- _Task_
Here are the records. Write out exactly the lines between the one holding "1-комнатная квартира на" and the one holding "8 Ashton Court, Cranston, Rhode", inclusive.
::::
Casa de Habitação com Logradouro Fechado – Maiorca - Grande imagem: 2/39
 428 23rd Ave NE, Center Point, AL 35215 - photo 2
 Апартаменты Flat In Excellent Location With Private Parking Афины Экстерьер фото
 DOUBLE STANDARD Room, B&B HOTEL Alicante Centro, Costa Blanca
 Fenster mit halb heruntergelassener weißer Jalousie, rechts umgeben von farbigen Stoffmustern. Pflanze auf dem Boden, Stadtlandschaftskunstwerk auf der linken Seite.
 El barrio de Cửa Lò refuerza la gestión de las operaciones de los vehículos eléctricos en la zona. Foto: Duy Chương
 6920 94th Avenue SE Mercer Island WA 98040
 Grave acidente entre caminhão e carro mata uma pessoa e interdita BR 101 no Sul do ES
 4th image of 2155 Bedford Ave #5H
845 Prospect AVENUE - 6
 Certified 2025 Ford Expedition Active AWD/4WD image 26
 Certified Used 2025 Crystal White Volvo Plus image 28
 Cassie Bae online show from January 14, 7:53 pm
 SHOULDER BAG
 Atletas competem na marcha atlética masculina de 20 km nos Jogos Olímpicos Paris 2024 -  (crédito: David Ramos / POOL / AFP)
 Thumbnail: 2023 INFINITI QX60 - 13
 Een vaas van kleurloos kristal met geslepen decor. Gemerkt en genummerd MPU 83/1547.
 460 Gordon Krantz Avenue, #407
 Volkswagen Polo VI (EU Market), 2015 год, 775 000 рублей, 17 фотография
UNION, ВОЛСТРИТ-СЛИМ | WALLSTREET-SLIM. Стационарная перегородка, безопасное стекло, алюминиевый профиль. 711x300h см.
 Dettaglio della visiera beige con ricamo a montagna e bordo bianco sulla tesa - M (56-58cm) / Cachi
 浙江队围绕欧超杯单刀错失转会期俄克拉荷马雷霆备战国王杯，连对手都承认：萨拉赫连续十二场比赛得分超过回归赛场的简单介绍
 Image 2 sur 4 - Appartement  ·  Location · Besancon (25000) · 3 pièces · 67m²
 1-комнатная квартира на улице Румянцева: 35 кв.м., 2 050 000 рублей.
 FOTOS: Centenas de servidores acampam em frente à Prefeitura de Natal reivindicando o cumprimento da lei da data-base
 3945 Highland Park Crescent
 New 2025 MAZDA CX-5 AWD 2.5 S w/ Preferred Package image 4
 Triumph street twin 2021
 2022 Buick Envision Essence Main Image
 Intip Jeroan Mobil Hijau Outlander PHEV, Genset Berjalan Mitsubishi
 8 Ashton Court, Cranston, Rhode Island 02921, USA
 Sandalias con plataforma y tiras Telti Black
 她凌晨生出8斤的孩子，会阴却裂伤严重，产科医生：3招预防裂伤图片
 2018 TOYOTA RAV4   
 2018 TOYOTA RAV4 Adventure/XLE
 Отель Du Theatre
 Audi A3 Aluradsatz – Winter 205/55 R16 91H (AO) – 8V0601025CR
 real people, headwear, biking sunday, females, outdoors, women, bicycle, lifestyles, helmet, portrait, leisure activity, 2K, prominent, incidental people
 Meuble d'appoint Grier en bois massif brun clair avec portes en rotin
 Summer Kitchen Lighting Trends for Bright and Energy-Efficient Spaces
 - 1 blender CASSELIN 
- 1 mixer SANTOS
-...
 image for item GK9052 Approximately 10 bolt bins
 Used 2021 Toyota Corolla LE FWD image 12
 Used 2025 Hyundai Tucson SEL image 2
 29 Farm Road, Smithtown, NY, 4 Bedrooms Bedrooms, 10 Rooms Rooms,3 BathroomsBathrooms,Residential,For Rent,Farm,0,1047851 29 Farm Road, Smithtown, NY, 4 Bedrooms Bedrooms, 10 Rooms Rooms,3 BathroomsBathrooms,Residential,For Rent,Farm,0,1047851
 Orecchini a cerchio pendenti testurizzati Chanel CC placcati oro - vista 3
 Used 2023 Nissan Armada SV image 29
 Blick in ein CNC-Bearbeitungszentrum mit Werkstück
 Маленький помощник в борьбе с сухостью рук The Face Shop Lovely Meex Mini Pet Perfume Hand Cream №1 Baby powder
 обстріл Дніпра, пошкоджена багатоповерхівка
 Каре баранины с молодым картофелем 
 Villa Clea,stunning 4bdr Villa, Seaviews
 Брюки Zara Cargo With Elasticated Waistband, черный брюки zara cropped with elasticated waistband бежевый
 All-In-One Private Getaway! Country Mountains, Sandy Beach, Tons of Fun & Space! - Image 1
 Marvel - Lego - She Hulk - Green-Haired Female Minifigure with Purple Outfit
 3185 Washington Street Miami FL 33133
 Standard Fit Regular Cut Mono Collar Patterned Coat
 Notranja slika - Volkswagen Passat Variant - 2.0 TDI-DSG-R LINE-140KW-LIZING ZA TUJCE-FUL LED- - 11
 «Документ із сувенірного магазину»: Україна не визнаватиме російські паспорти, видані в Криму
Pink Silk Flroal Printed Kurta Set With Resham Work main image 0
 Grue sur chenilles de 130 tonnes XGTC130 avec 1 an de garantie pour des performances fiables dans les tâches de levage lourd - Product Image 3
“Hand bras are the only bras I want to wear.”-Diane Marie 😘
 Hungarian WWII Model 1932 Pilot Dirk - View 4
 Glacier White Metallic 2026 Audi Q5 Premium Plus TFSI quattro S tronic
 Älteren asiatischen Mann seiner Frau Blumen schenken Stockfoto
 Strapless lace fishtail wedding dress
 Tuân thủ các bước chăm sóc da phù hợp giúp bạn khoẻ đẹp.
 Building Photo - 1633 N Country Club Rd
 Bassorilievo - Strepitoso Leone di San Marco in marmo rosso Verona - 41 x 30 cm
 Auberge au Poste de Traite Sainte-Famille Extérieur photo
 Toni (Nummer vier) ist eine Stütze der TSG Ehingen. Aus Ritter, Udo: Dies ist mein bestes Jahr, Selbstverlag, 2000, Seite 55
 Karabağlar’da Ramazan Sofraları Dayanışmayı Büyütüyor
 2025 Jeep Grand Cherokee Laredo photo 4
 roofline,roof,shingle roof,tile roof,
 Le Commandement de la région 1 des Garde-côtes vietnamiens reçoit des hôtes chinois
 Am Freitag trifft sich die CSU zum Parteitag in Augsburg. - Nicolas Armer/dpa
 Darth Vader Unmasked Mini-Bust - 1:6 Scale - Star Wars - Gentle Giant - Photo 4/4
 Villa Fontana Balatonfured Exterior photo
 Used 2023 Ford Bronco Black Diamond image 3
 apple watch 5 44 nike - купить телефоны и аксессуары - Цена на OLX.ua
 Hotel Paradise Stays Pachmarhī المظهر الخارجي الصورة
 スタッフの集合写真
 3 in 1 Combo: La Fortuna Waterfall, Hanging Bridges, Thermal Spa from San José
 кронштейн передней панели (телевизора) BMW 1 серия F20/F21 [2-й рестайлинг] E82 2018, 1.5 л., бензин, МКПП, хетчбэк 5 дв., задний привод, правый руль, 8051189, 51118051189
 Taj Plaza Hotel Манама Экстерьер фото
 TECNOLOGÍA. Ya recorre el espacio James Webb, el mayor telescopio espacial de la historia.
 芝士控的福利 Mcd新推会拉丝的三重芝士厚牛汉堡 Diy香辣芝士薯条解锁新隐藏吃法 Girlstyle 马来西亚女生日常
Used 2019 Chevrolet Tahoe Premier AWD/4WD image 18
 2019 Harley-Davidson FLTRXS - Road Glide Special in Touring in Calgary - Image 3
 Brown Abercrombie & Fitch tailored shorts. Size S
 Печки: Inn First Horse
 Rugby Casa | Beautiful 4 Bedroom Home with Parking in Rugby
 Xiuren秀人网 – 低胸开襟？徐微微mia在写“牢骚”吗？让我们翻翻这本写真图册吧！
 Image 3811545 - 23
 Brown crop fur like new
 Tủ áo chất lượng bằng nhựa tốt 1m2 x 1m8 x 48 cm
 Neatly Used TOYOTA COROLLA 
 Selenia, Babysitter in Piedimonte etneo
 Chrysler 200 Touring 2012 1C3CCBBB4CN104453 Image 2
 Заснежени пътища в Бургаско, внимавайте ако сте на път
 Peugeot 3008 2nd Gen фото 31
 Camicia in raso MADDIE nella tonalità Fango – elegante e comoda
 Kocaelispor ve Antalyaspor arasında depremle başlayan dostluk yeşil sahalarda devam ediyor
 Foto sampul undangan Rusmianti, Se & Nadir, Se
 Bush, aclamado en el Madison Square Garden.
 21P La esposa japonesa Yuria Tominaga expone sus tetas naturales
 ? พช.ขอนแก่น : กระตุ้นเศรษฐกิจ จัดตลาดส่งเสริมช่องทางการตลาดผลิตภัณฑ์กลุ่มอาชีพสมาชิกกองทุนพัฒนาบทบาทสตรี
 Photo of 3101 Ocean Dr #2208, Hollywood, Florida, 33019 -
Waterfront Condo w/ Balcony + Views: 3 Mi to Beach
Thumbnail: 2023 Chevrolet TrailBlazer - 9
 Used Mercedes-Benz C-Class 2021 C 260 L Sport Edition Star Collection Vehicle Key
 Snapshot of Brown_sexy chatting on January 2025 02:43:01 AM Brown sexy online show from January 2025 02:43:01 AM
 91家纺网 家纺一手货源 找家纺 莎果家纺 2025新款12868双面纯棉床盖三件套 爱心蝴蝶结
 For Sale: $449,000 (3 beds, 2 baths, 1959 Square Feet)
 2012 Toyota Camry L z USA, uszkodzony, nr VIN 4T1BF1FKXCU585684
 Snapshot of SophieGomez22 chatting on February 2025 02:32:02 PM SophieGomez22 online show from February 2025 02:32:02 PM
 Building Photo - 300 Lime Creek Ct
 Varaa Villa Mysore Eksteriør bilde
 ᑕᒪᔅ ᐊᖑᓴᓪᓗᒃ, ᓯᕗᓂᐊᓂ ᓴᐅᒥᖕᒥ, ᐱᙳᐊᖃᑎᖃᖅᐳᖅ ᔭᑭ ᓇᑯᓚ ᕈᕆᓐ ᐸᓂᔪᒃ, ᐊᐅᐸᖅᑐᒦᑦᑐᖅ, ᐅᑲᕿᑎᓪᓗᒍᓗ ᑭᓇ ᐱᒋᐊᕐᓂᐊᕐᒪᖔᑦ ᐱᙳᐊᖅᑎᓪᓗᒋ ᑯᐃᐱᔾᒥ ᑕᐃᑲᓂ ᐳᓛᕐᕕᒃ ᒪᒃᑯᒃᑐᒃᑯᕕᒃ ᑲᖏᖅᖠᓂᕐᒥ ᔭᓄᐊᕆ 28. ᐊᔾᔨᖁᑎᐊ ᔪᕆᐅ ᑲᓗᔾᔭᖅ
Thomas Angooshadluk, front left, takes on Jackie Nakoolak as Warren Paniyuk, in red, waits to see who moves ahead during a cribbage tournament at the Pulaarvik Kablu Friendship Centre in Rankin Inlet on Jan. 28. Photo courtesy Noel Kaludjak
::::
- _Result of the exercise_
 1-комнатная квартира на улице Румянцева: 35 кв.м., 2 050 000 рублей.
 FOTOS: Centenas de servidores acampam em frente à Prefeitura de Natal reivindicando o cumprimento da lei da data-base
 3945 Highland Park Crescent
 New 2025 MAZDA CX-5 AWD 2.5 S w/ Preferred Package image 4
 Triumph street twin 2021
 2022 Buick Envision Essence Main Image
 Intip Jeroan Mobil Hijau Outlander PHEV, Genset Berjalan Mitsubishi
 8 Ashton Court, Cranston, Rhode Island 02921, USA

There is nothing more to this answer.